Pattern matching is performed using R's regular expression engine and is case-insensitive by default. For each input row, the function checks patterns in regex_table and returns matches based on the unique_match parameter.

Value

A tibble with the following columns:

  • row_id: Integer identifier corresponding to rows in the input data.

  • Additional columns from data if data_return_cols is specified.

  • Additional columns from regex_table if regex_return_cols is specified.

  • pattern: The matched regular expression pattern(s).
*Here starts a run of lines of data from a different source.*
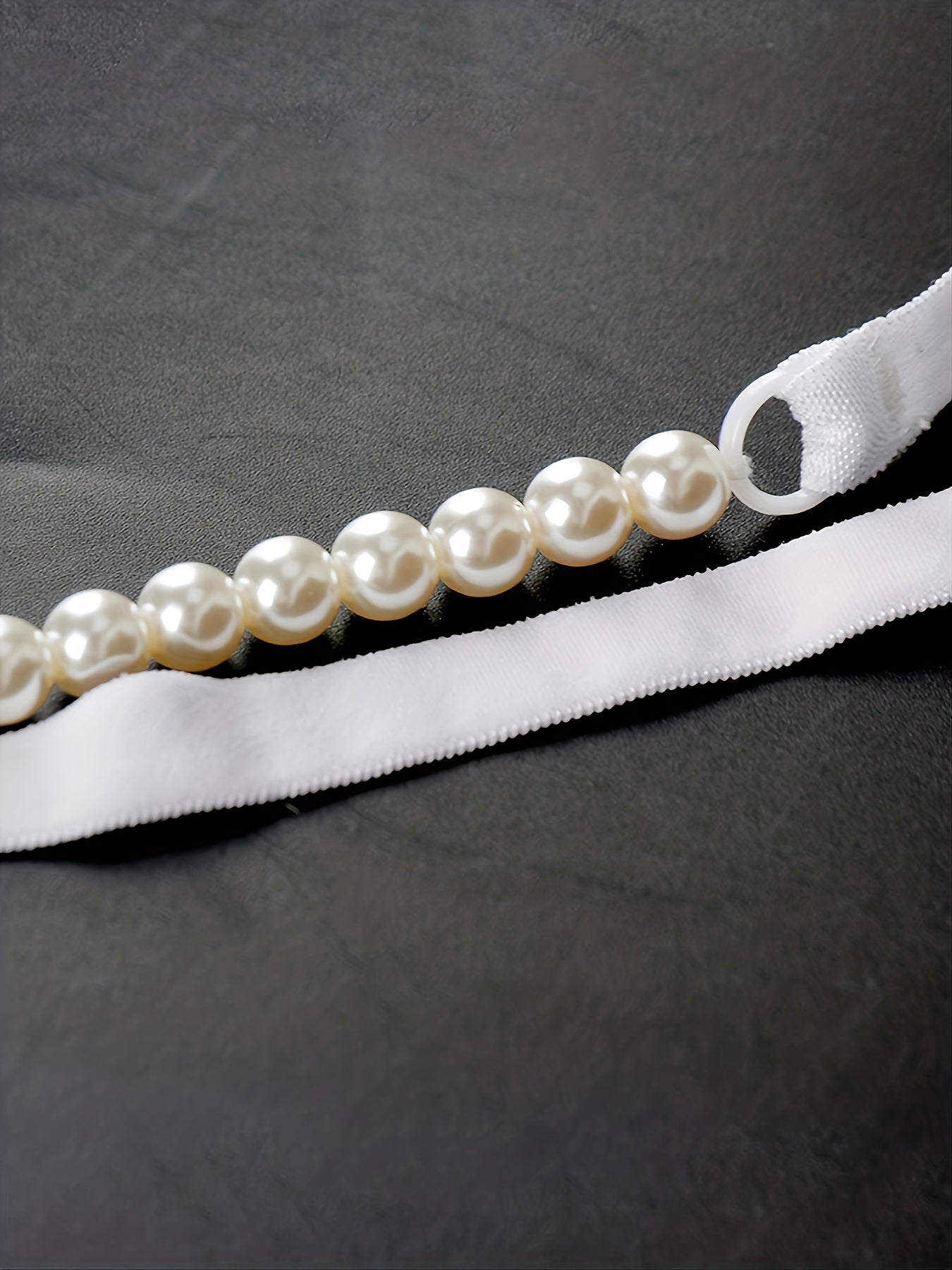 Women's White Pearl Lingerie One Size Panties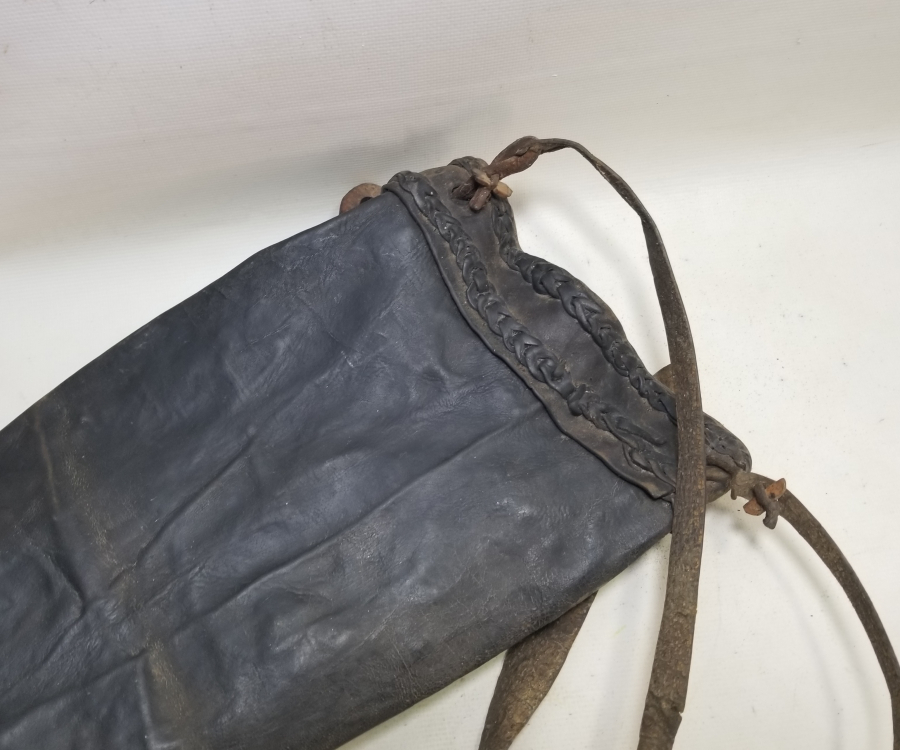 OSMANLI DÖNEMİ DERİDEN MAMUL ÇOK NADİR SADAK - OKÇU ÇANTASI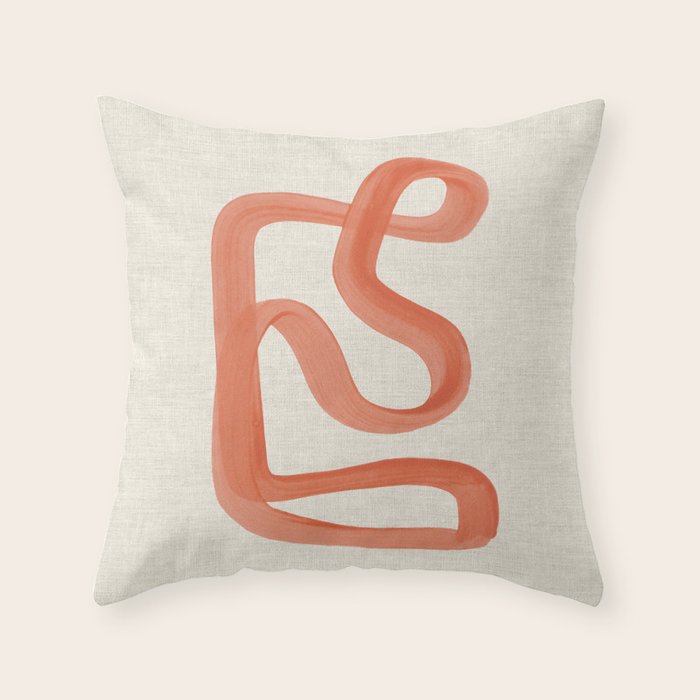 Orange Goes Around Throw Pillow Gallery Image 1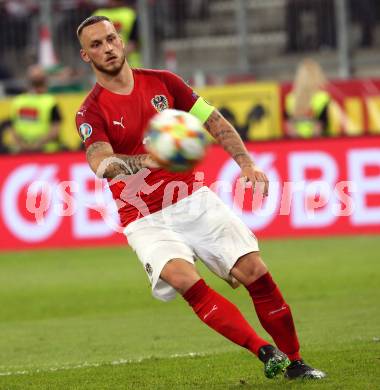 Fussball Laenderspiel. Europameisterschaft Qualifikation. Oesterreich gegen Slowenien.  Marko Arnautovic (Oesterreich). Klagenfurt, am 7.6.2019.
Foto: Kuess
---
pressefotos, pressefotografie, kuess, qs, qspictures, sport, bild, bilder, bilddatenbank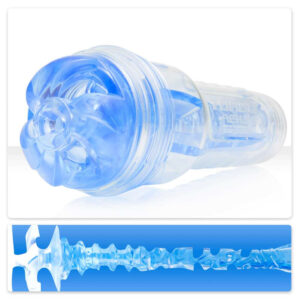 Fleshlight Turbo Blue Ice Textura Thrust - Masturbatoare Clasice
  • match: The extracted text from the data (original casing preserved).

Examples

# Create sample data
data <- data.frame(
  id = 1:3,
  text = c("I love apples", "Bananas are great", "Oranges and apples"),
  stringsAsFactors = FALSE
)

# Create regex patterns
patterns <- data.frame(
  pattern = c("apples", "bananas", "oranges"),
  category = c("fruit", "fruit", "fruit")
)

# Extract all matches
extract(data, patterns)

# Extract one match per row
extract(data, patterns, unique_match = TRUE)

members dataset

Description

Lookup table of member names and metadata for regex matching.

Format

A tibble with 9 columns:

congress

Congress number (numeric)

chamber

Chamber (House/President/Senate)

bioname

Full bio name of the member

pattern

Regex pattern to match this member's name

icpsr

Numeric ICPSR identifier

state_abbrev

Two-letter state abbreviation

district_code

District number (0 for President)

first_name

First name of the member

last_name

Last name of the member

Source

Generated for the regextable package.